The Road to Independence
Causes of the American Revolution
The American Revolution began in 1775 as open conflict between the un-united thirteen colonies and Great Britain. By the Treaty of Paris, that ended the war in 1783, the colonies had won their independence. While no one event can be pointed to as the actual cause of the revolution, the war began as a disagreement over the way in which Great Britain treated the colonies versus the way the colonies felt they should be treated. Americans felt they deserved all the rights of Englishmen. The British, on the other hand, felt that the colonies were created to be used in the way that best suited the crown and parliament. This conflict is embodied in one of the rallying cries of the American Revolution: No Taxation Without Representation.
Colonists came together around the position that the Stamp Act of 1765, imposed by Parliament of Great Britain, was unconstitutional. The British Parliament insisted it had the right to tax colonists. The colonists claimed that, as they were British subjects, taxation without representation was illegal. The American colonists formed a unifying Continental Congress and a shadow government in each colony, though at first remaining loyal to the king. The American boycott of taxed British tea led to the Boston Tea Party in 1773, when shiploads of tea were destroyed. London responded by ending self-government in Massachusetts and putting it under the control of the British army with General Thomas Gage as governor.
Declaration of Independence
In April 1775 Gage learned that weapons were being gathered in Concord, and he sent British troops to seize and destroy them. Local militia confronted the troops and exchanged fire (see Battles of Lexington and Concord). After repeated pleas to the British monarchy for intervention with Parliament, any chance of a compromise ended when the Congress were declared traitors by royal decree, and they responded by declaring the independence of a new sovereign nation, the United States of America, on July 4, 1776.

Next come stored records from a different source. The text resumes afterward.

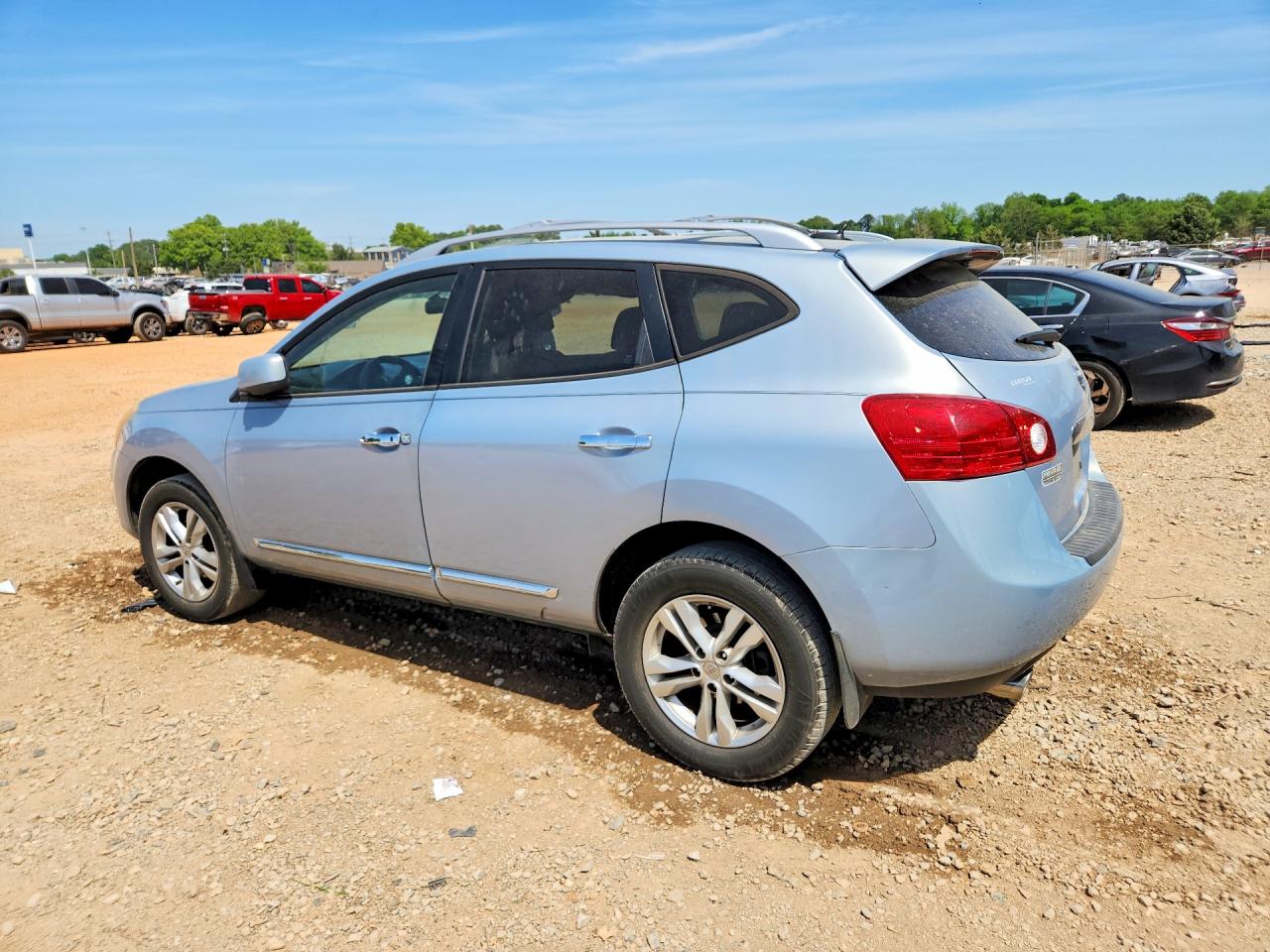 2013 NISSAN ROGUE S photo 2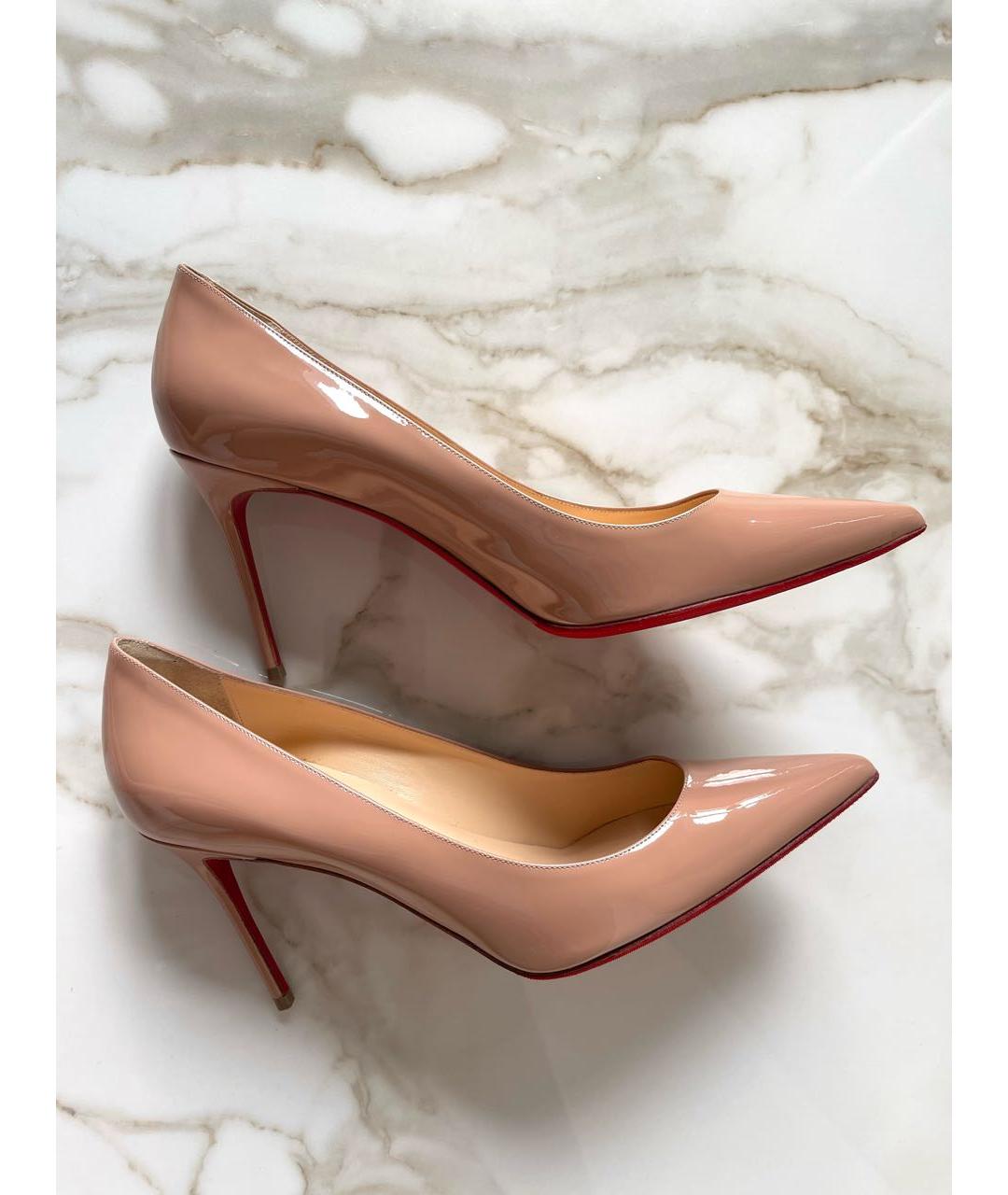 CHRISTIAN LOUBOUTIN Бежевые туфли из лакированной кожи, фото 5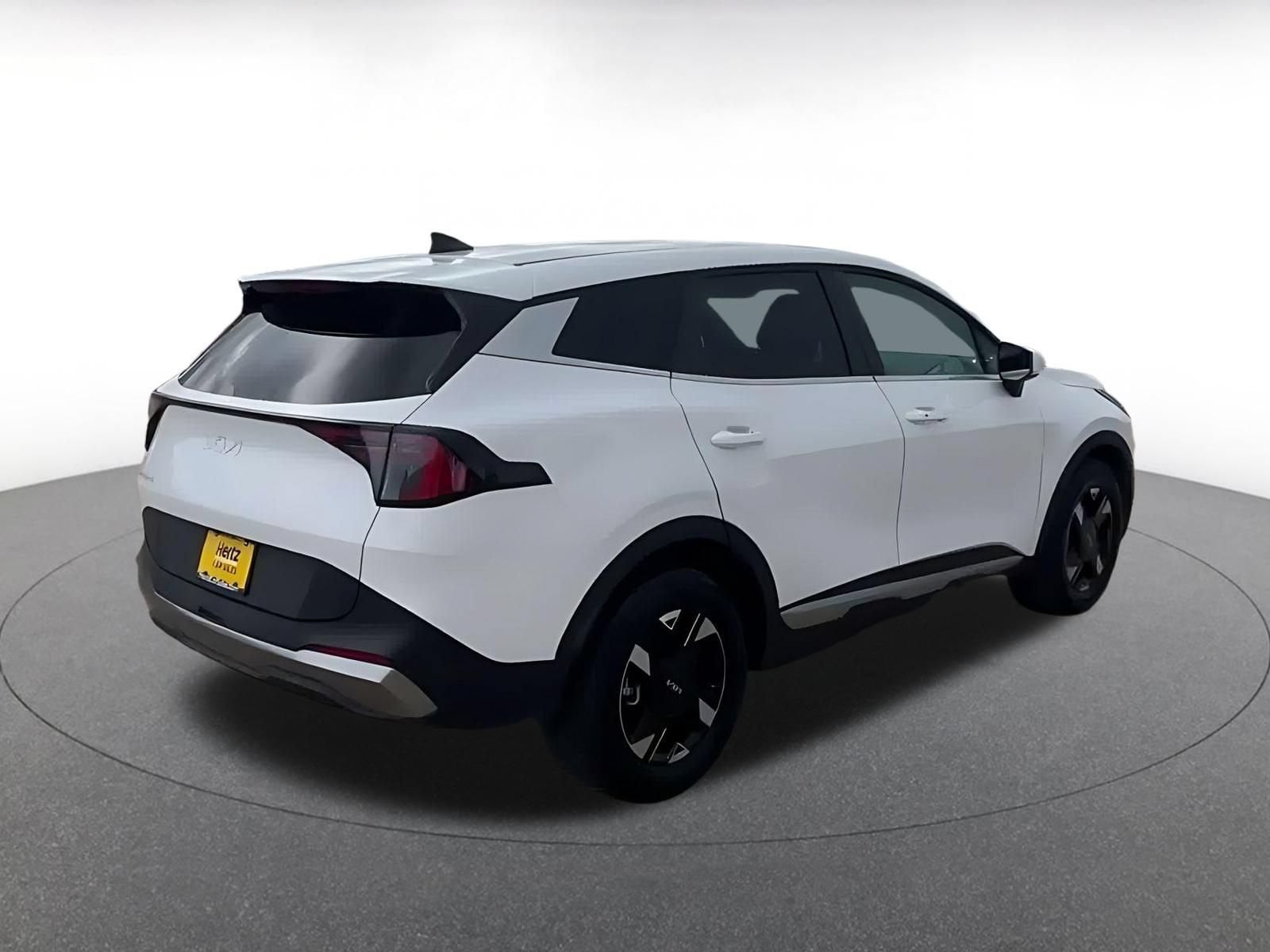 Thumbnail: 2026 Kia Sportage - 12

The Declaration of Independence, written by Thomas Jefferson and adopted by the Second Continental Congress, states the reasons the British colonies of North America sought independence in July of 1776.
Freedom: now what?
The Constitution was adopted on September 17, 1787, by the Constitutional Convention in Philadelphia, Pennsylvania, and ratified by conventions in eleven states. It went into effect on March 4, 1789. The first ten constitutional amendments ratified by three-fourths of the states in 1791 are known as the Bill of Rights. The Constitution has been amended seventeen additional times (for a total of 27 amendments) and its principles are applied in courts of law by judicial review.